§ Task item
Any picture in the material should be left out, while all other lines are copied exactly.

§ Data excerpt

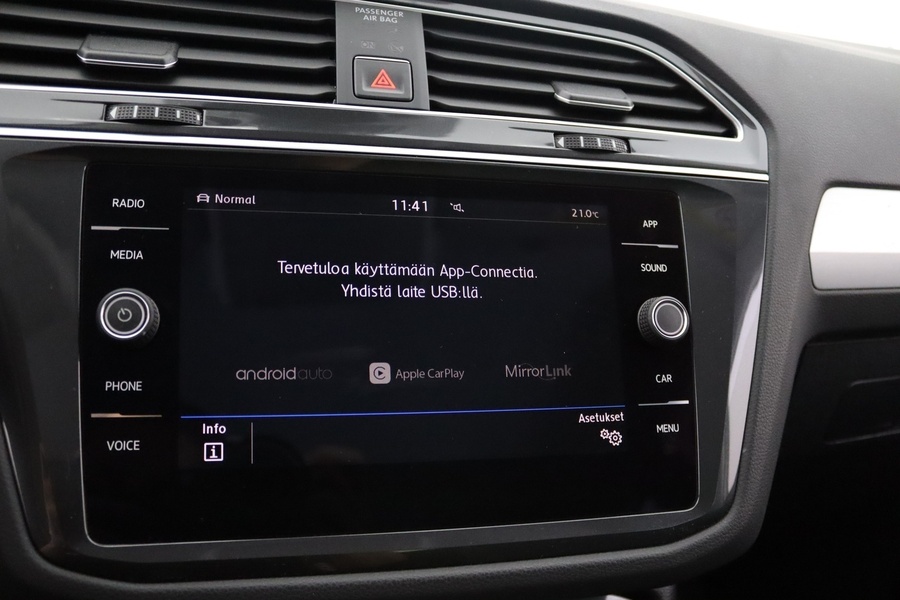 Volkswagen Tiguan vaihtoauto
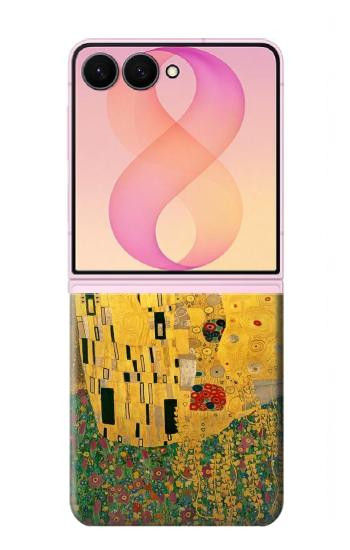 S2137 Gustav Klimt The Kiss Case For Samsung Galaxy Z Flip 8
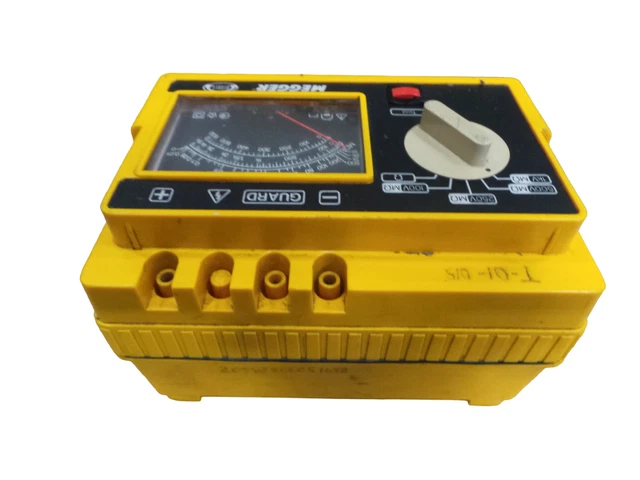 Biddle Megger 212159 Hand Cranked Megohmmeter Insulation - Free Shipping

§ Response
 Volkswagen Tiguan vaihtoauto
 S2137 Gustav Klimt The Kiss Case For Samsung Galaxy Z Flip 8
 Biddle Megger 212159 Hand Cranked Megohmmeter Insulation - Free Shipping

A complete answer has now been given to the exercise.